(Spatial localization data)
* * * * * * *

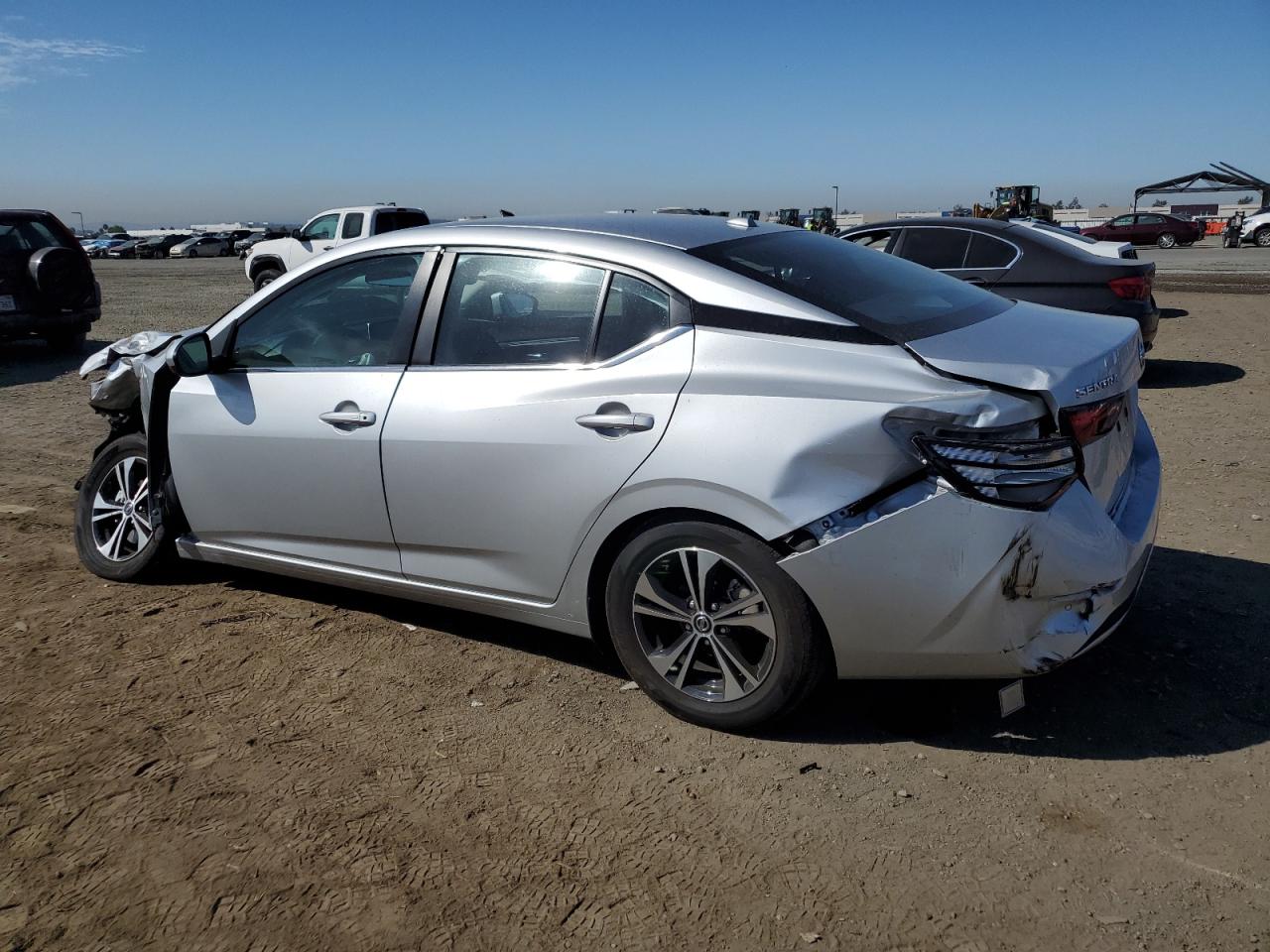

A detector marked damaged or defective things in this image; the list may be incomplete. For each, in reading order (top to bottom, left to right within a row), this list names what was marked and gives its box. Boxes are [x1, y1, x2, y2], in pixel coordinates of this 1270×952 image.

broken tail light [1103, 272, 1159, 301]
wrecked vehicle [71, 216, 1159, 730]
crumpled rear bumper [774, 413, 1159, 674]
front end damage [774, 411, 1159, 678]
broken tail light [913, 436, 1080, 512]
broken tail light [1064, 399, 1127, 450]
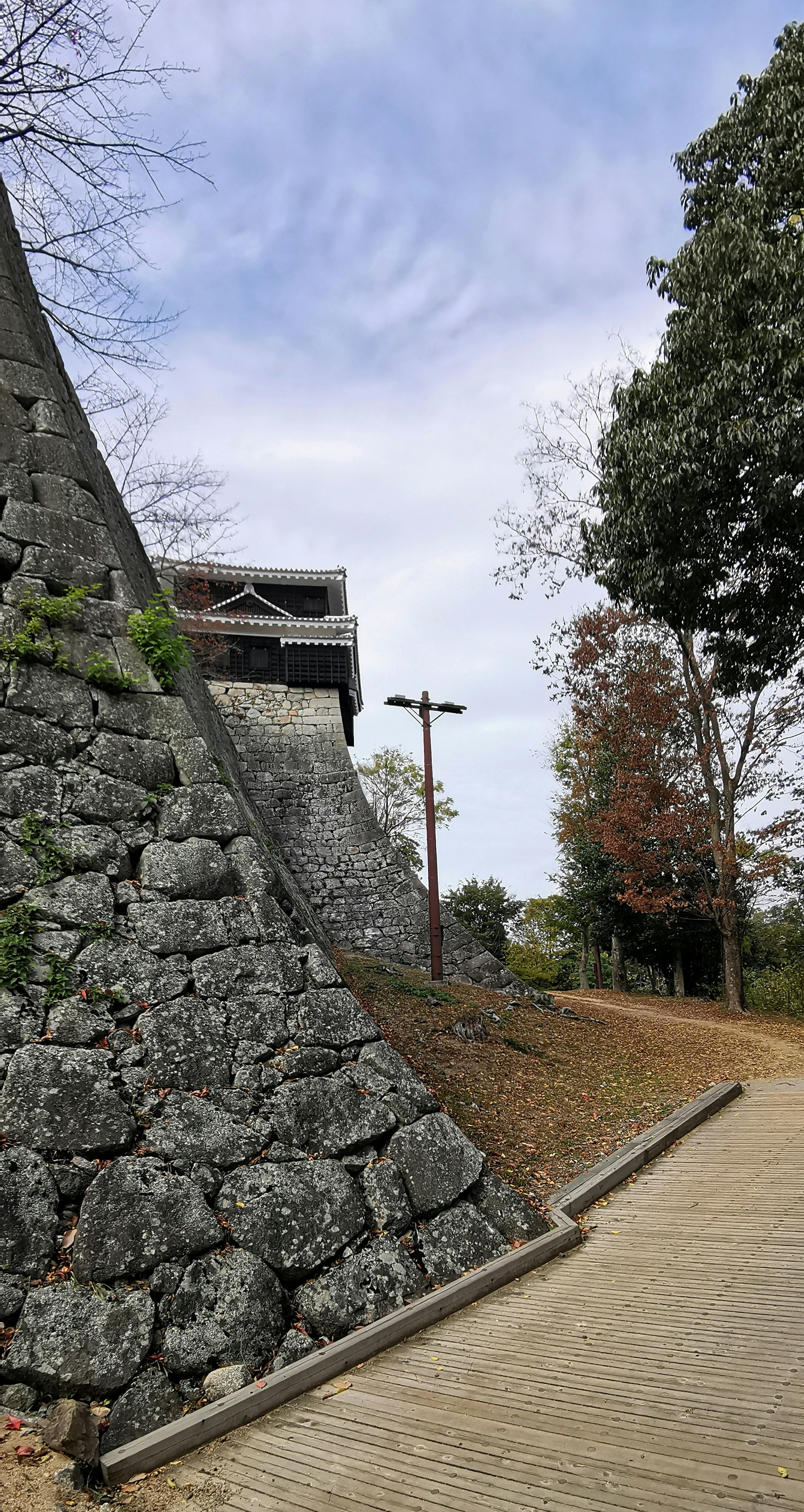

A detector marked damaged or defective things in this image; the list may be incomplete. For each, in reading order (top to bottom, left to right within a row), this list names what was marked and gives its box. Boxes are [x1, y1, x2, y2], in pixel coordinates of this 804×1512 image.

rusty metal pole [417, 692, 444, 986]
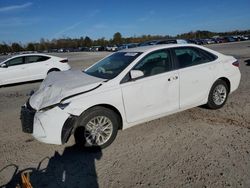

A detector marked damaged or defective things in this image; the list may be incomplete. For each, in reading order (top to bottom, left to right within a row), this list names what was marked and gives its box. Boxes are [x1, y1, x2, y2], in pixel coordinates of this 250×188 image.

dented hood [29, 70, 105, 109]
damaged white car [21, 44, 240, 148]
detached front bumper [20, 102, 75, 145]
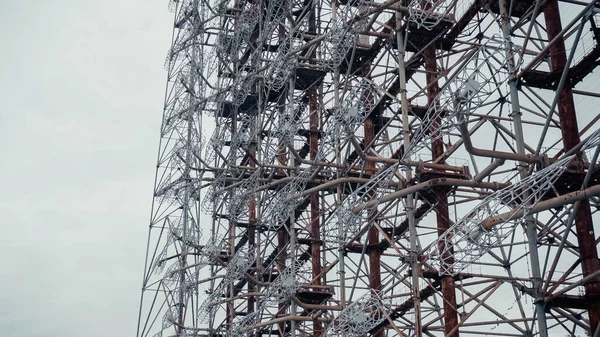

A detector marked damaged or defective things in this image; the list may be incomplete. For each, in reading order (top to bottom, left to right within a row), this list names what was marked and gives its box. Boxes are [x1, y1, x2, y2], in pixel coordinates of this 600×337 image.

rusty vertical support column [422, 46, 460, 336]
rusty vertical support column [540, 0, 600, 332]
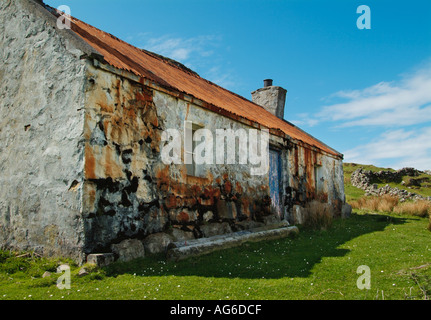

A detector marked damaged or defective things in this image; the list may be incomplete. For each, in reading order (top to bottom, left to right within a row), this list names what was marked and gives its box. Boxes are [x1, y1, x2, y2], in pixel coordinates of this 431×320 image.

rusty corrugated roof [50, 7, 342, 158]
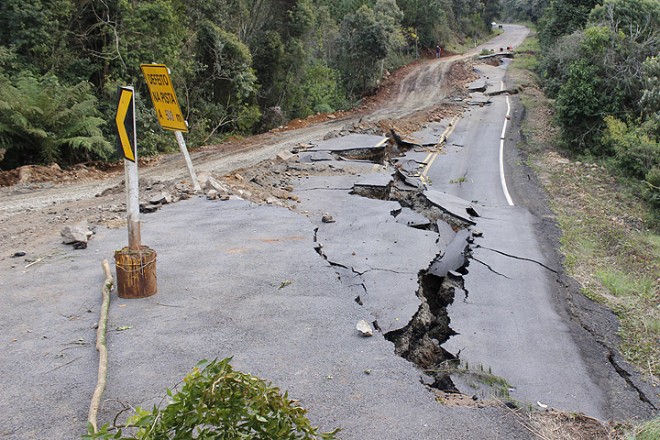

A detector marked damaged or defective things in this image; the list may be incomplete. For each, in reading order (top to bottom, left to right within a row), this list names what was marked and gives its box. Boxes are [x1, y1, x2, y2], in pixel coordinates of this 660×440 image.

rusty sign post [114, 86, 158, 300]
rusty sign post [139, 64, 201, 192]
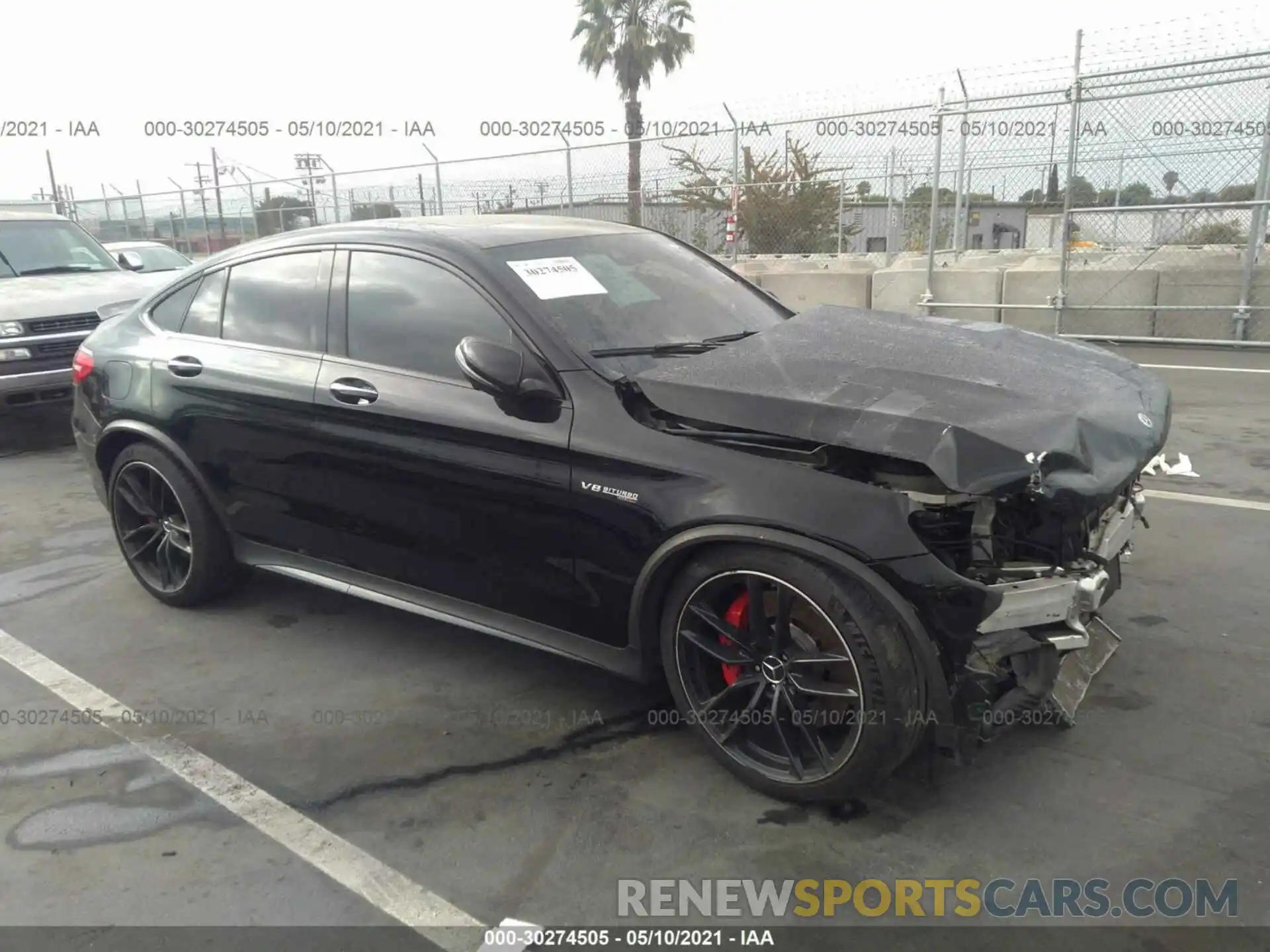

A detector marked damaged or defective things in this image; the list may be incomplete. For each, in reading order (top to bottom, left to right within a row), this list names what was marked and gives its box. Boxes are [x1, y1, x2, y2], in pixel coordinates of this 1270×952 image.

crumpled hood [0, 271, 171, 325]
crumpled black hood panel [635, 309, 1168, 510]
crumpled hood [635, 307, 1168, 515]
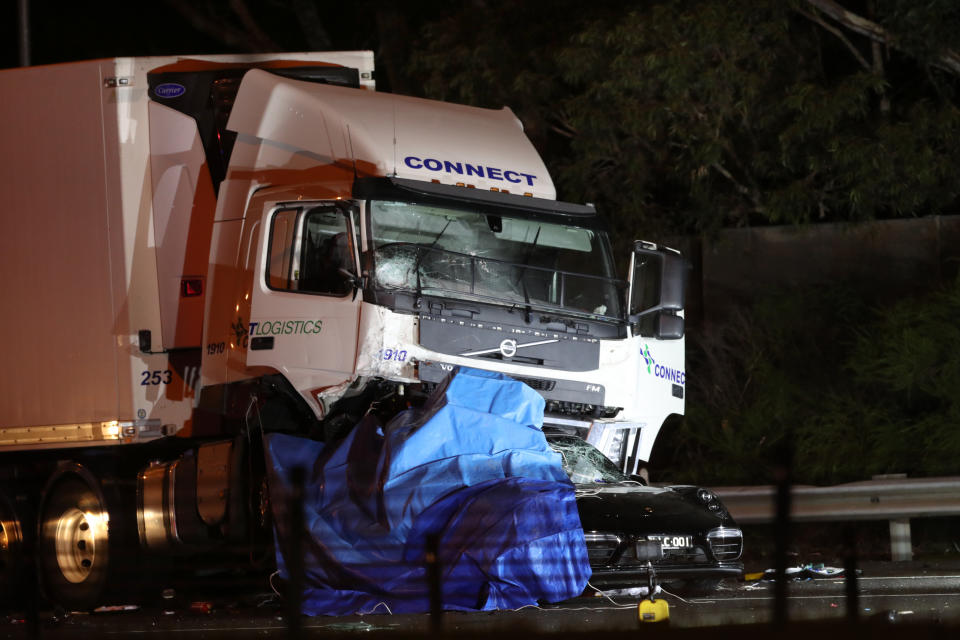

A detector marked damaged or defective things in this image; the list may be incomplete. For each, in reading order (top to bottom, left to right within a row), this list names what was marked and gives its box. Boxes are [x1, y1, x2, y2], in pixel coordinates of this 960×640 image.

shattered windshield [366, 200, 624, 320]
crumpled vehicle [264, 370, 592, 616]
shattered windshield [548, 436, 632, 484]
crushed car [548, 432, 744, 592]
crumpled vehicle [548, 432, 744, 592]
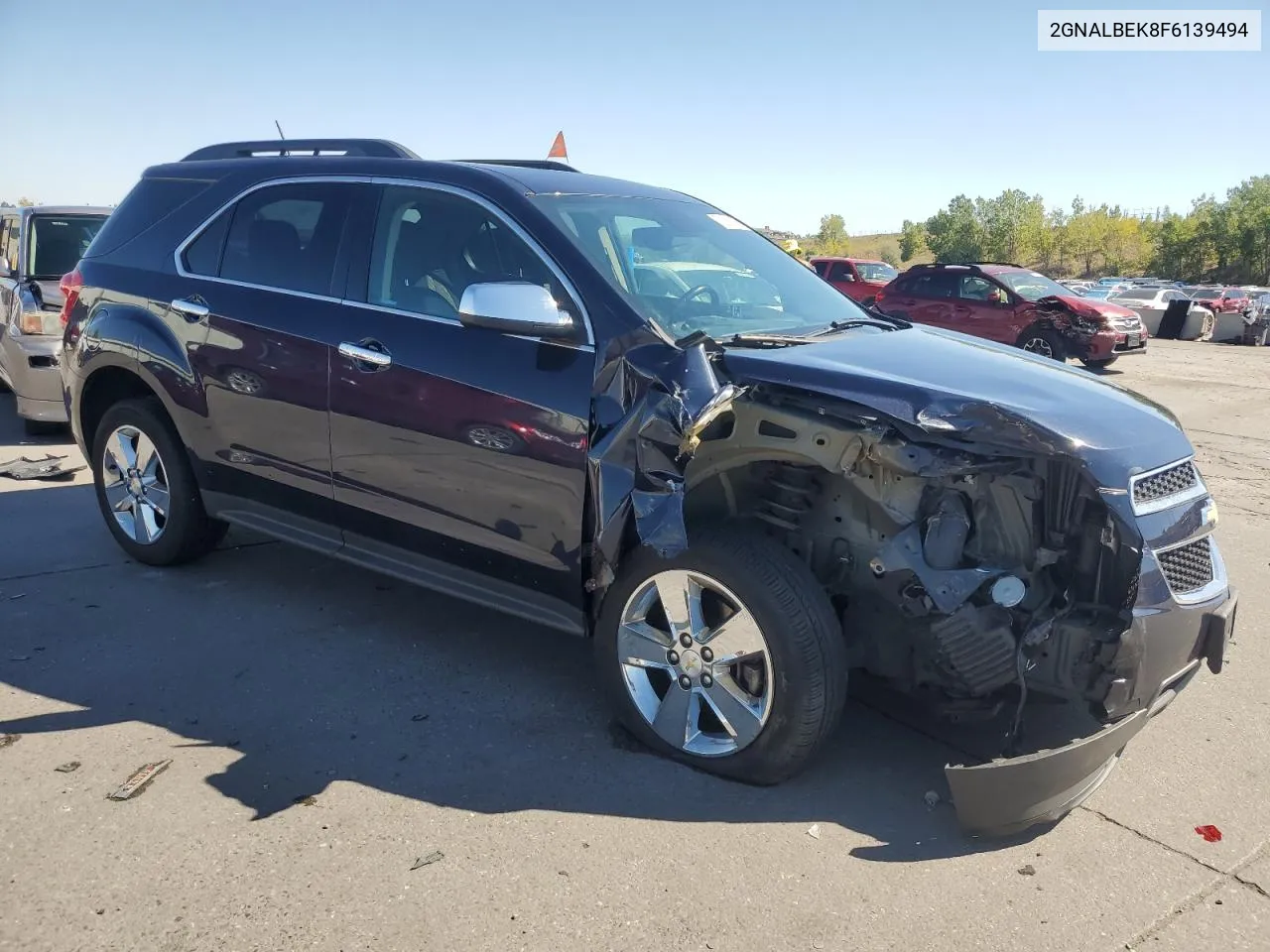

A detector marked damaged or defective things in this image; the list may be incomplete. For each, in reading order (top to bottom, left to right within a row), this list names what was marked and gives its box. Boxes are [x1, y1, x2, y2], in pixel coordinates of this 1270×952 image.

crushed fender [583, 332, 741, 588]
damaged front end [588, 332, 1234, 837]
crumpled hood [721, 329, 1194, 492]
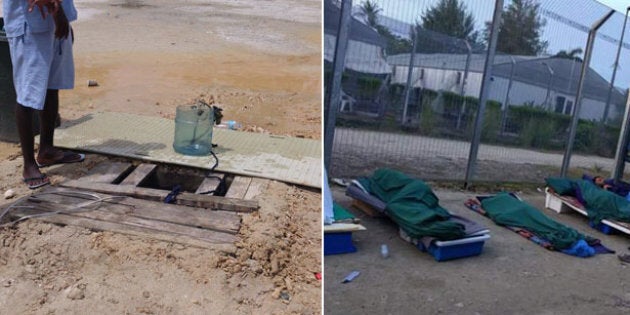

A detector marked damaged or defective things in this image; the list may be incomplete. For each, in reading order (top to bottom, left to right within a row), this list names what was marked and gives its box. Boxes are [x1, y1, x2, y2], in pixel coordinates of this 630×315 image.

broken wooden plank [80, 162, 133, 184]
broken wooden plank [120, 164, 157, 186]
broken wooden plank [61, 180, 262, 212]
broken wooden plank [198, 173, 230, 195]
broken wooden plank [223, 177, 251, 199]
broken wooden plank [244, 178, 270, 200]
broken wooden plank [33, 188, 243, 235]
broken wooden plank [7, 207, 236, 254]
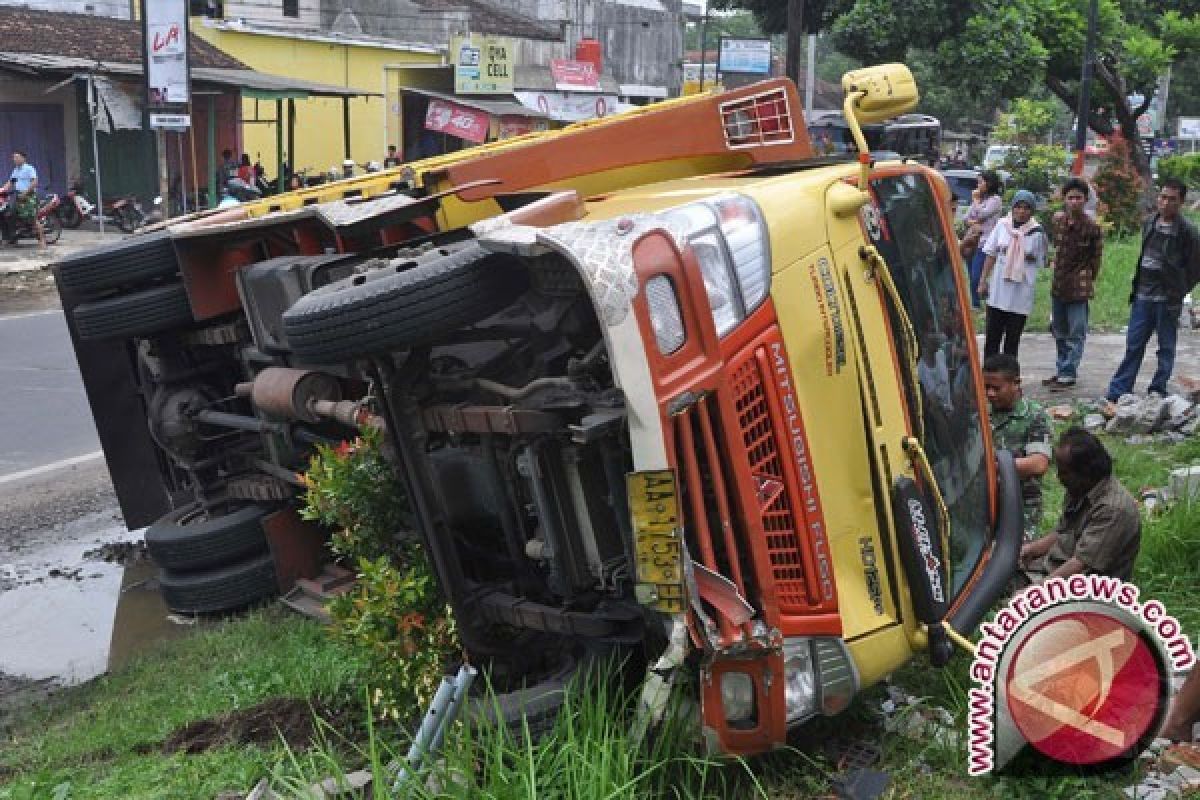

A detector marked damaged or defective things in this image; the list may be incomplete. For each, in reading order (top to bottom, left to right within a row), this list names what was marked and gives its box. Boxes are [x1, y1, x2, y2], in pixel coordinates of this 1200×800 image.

* * * * * * *

INSTRUCTIONS FOR THE TASK: Repeat the data above exactly; images are not part of the copy.

ANSWER TO THIS TASK:
A detector marked damaged or defective things in this image; the list may be incomplete. For each, in reading order (top to bottom, left to right within a row), this list names what was marked and gives its box. Boxes are [x1, y1, x2, y2], in pixel coordinates of this 1270×952 image.

broken tail light [1103, 272, 1159, 301]
wrecked vehicle [71, 216, 1159, 730]
crumpled rear bumper [774, 413, 1159, 674]
front end damage [774, 411, 1159, 678]
broken tail light [913, 436, 1080, 512]
broken tail light [1064, 399, 1127, 450]

A detector marked damaged or defective things in this image; the list may be incomplete. For each, in reading order (top to bottom, left to right within a row), this list names what was marked and gives its box. Boxes are [x1, y1, x2, y2], in pixel coordinates of this 804×1512 image.

rusty metal pole [417, 692, 444, 986]

A detector marked damaged or defective things in this image; the list may be incomplete. For each, in reading order (top to bottom, left to right within a row), this list names what was marked and gives its box. Boxes are [x1, y1, x2, y2], in pixel coordinates of this 250×188 image.

dented hood [29, 70, 105, 109]
damaged white car [21, 44, 240, 148]
detached front bumper [20, 102, 75, 145]

A detector marked damaged or defective things in this image; the list may be incomplete. For each, in reading order (top to bottom, left to right within a row), this list names what was marked and gives its box. Boxes are [x1, y1, x2, y2], in pixel coordinates of this 600×337 image.

rusty vertical support column [422, 46, 460, 336]
rusty vertical support column [540, 0, 600, 332]

A detector marked damaged or defective things in this image; the list may be incomplete. For each, in reading order (top to bottom, left to right within a row), this list names what was marked and gives its box. Boxes are [x1, y1, x2, y2], in pixel coordinates of this 431×320 image.

rusty corrugated roof [50, 7, 342, 158]

A detector marked damaged or defective things in this image; the list may be incomplete. For each, in reading order (top to bottom, left to right within a row), this list names what was marked and gives its box. Boxes are [x1, y1, x2, y2], in pixel coordinates of this 660×440 image.

rusty sign post [114, 86, 158, 300]
rusty sign post [139, 64, 201, 192]

A detector marked damaged or defective things in this image; the list may be incomplete. For each, in reading order (top to bottom, left to right within a row), this list names what was marked and gives its box. Boxes are [x1, y1, x2, y2], in pixel coordinates of this 1270×952 image.

crumpled hood [0, 271, 171, 325]
crumpled black hood panel [635, 309, 1168, 510]
crumpled hood [635, 307, 1168, 515]

A detector marked damaged or defective things in this image; the list may be incomplete. For each, in reading order (top to bottom, left to right within a row), this list names what was marked and gives its box. Boxes are [x1, y1, x2, y2], in pixel coordinates of this 960×640 image.

shattered windshield [366, 200, 624, 320]
crumpled vehicle [264, 370, 592, 616]
shattered windshield [548, 436, 632, 484]
crushed car [548, 432, 744, 592]
crumpled vehicle [548, 432, 744, 592]

A detector marked damaged or defective things in this image; the list may be incomplete. For each, in reading order (top to bottom, left to right within a row), this list names what was marked and gives its box. Boxes are [x1, y1, x2, y2], in pixel coordinates of this 1270×952 image.

crushed fender [583, 332, 741, 588]
damaged front end [588, 332, 1234, 837]
crumpled hood [721, 329, 1194, 492]

A detector marked damaged or defective things in this image; the list may be incomplete. For each, in reading order (top to bottom, left to right within a row), this list names what was marked and gives its box. Boxes are [x1, y1, x2, y2], in pixel coordinates of this 630×315 image.

broken wooden plank [80, 162, 133, 184]
broken wooden plank [120, 164, 157, 186]
broken wooden plank [61, 180, 262, 212]
broken wooden plank [198, 173, 230, 195]
broken wooden plank [223, 177, 251, 199]
broken wooden plank [244, 178, 270, 200]
broken wooden plank [33, 188, 243, 235]
broken wooden plank [7, 207, 236, 254]

A detector marked damaged or defective things in this image; the list may be incomplete. For each, in reading order (top to bottom, left to right within a row), this list names what was marked and gives its box. Boxes are [x1, y1, x2, y2], in pixel coordinates of this 1200×800 image.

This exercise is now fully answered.